De acordo com Marina, o objetivo é possibilitar o acesso ao benefício, além de evitar que as pessoas saiam de casa. Muitas informações, na maioria das vezes, podem ser oferecidas por meio do telefone. “A avaliação da equipe da ação é positiva, no sentido de efetivação do acesso a informação, da interlocução com as instituições da cidade e também de afirmação do compromisso social da universidade e de sua contribuição para as ações estratégias e essenciais neste contexto de avanço da epidemia no município”, ressalta.
O serviço funciona das 9h às 16h, sempre de segunda a sexta, na Faculdade de Serviço Social, no Campus da UFJF. Os interessados em orientações, esclarecimentos de dúvidas e agendamentos presenciais podem entrar em contato por meio dos telefones: (32) 2102-3561 / 3562 / 3563, ou pelo e-mail [email protected].
Auxílio deve ser prorrogado por mais dois meses
Na mesma data em que o Governo federal passou a disponibilizar a lista com os beneficiários e as parcelas creditadas para o auxílio emergencial no Portal da Transparência – em 8 de junho -, o ministro da Economia, Paulo Guedes, afirmou que o benefício seria prorrogado por mais dois meses.
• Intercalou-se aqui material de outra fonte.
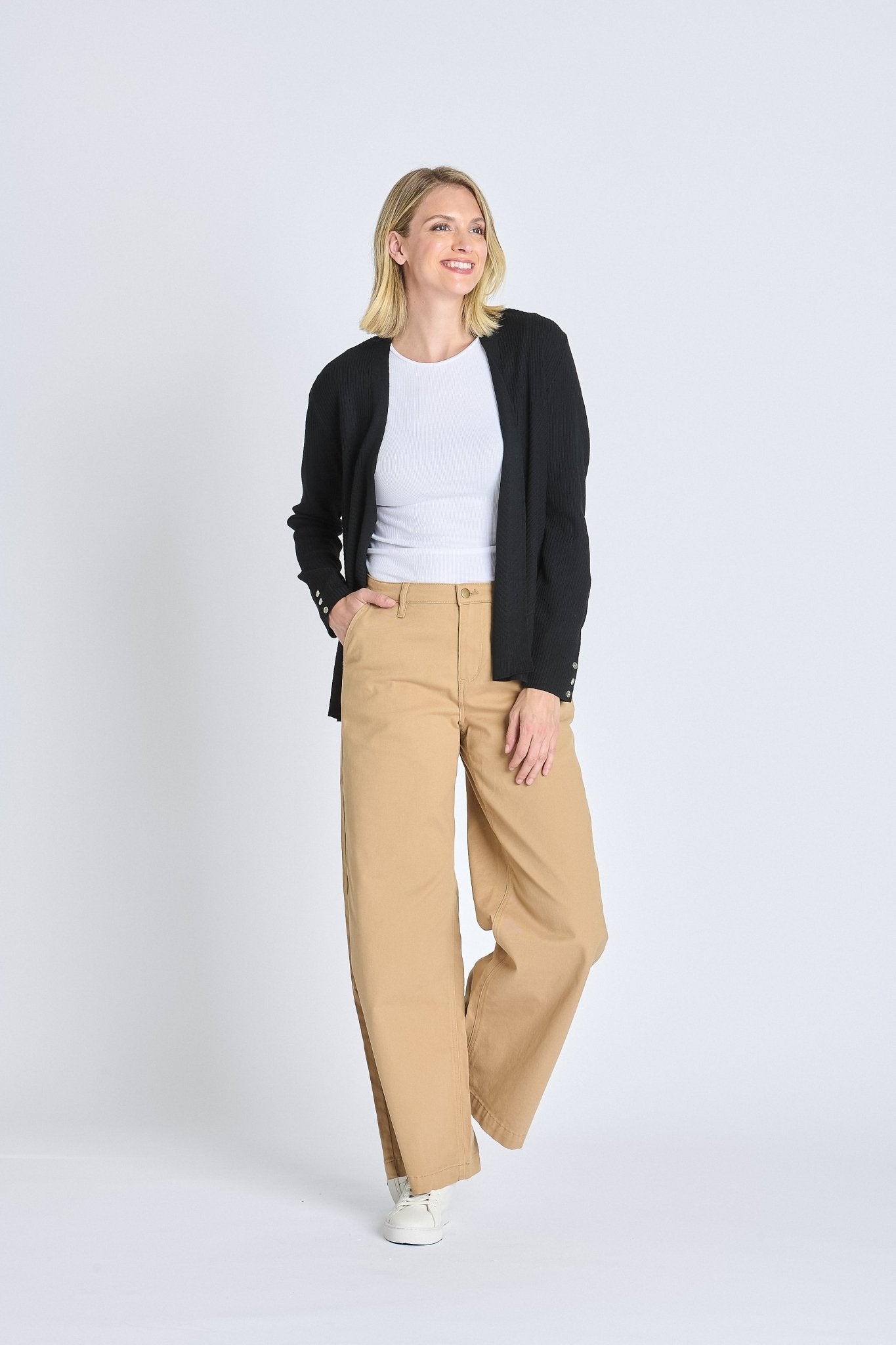 Westport Eva Chino Trouser - DressbarnPants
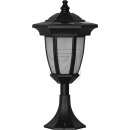 StarTrading 4 in 1 Leuchtenset - LED-Solar-Lagerne "Flame" 480-07
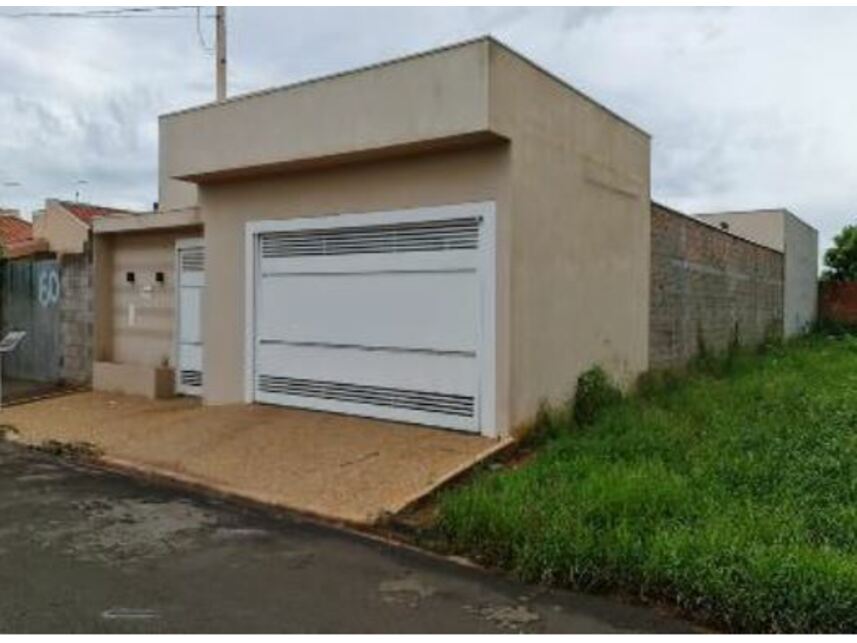 Imagem 2 do Leilão de Casa - Jardim Residencial Itália - Guararapes/SP
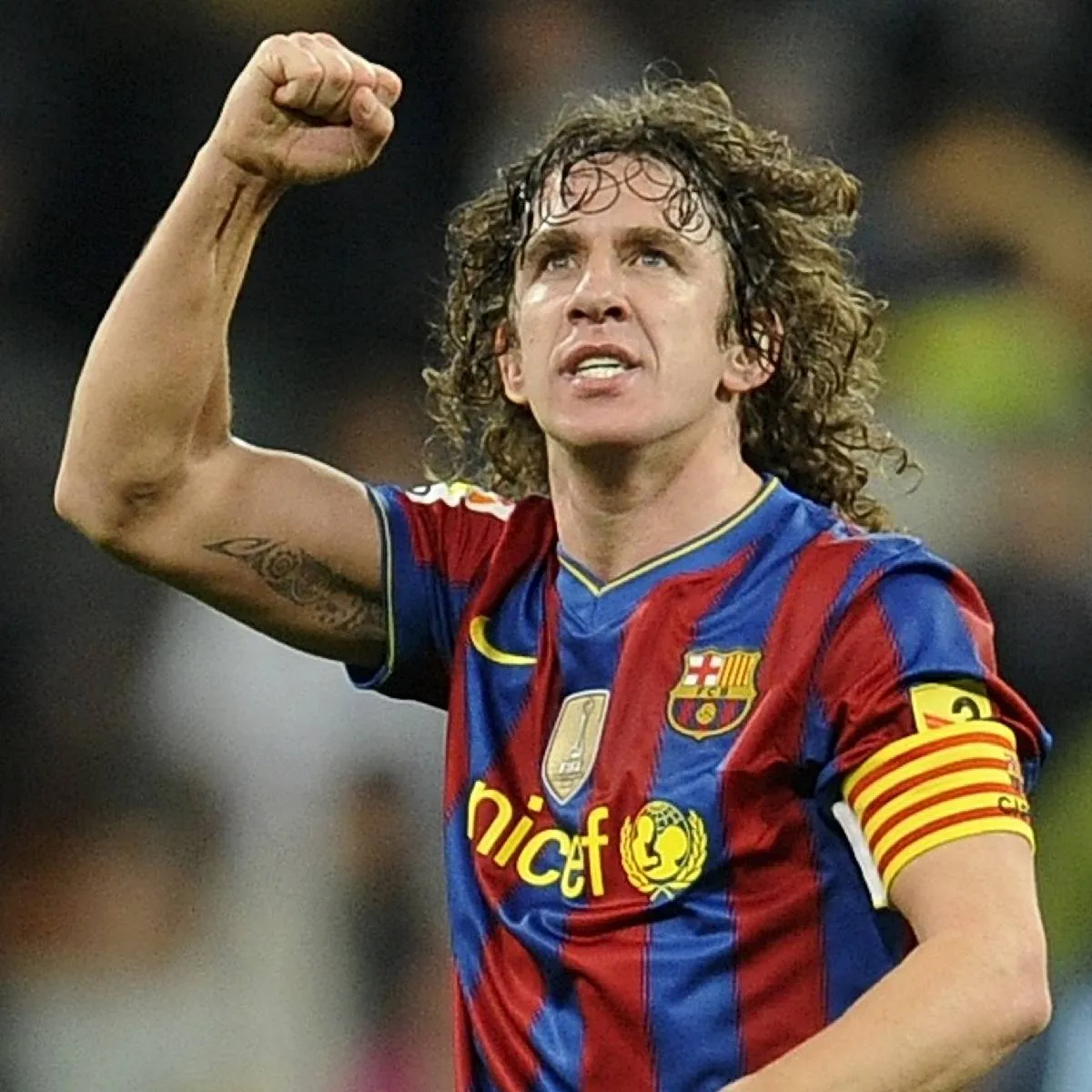 En İyi Defans Oyuncuları Carles Puyol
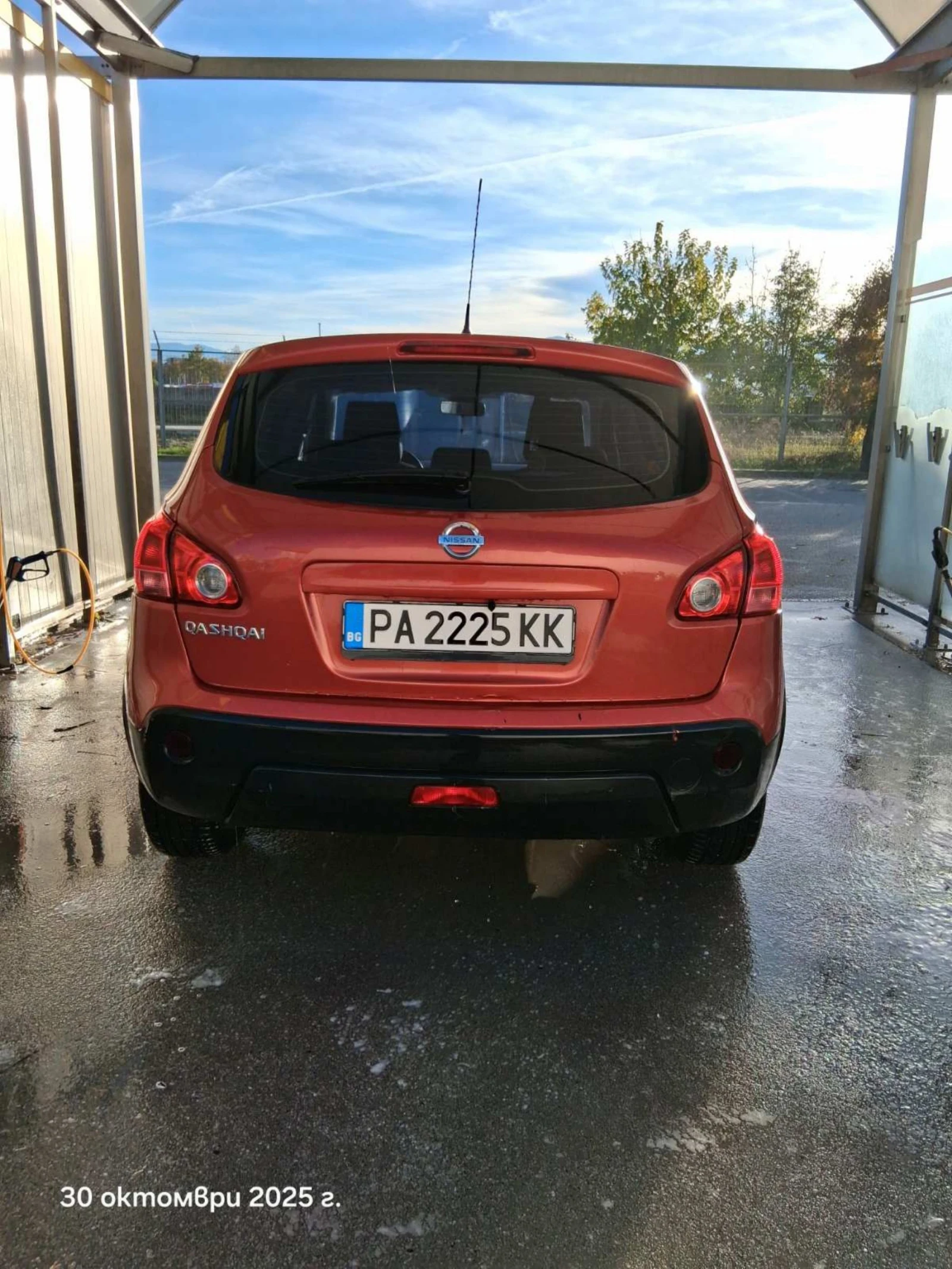 Nissan Qashqai 2.0 бензин -газ | Mobile.bg — изображение 2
Entretanto, ainda não se tem informação de qual será o valor das parcelas. Durante transmissão ao vivo em suas redes sociais nesta quinta-feira (18), o presidente Jair Bolsonaro (sem partido) citou o endividamento da União como um dificultador para disponibilizar novos pagamentos do auxílio.
Na última quarta-feira (17), a Caixa Econômica Federal iniciou o pagamento da terceira parcela do auxílio emergencial. A princípio, os integrantes do Bolsa Família terão acesso ao benefício. De acordo com o portal do Governo, o calendário de pagamento para os demais cidadãos com direito ao auxílio emergencial será divulgado em breve.
Contestação
A partir de segunda-feira (22), quem teve o auxílio emergencial negado poderá entrar com pedido de contestação por meio da Defensoria Pública da União, apresentando documentos que comprovem a elegibilidade. A parceria foi firmada esta semana em um acordo de cooperação técnica entre o Ministério da Cidadania e a defensoria.
Além disso, por meio do Portal da Transparência, o cidadão pode enviar denúncias sobre fraudes ou ou inadequação dos pagamentos do benefício. Na página de detalhamento de cada beneficiário, que apresenta as informações cadastrais e as parcelas já disponibilizadas, há um link para encaminhar denúncia diretamente ao Ministério da Cidadania. Outra possibilidade é indicar, por exemplo, se uma pessoa física específica recebe um benefício indevidamente. Se o beneficiário tiver recebido o crédito da parcela de forma inapropriada, também está disponível, na ficha de detalhamento, o link para devolução voluntária.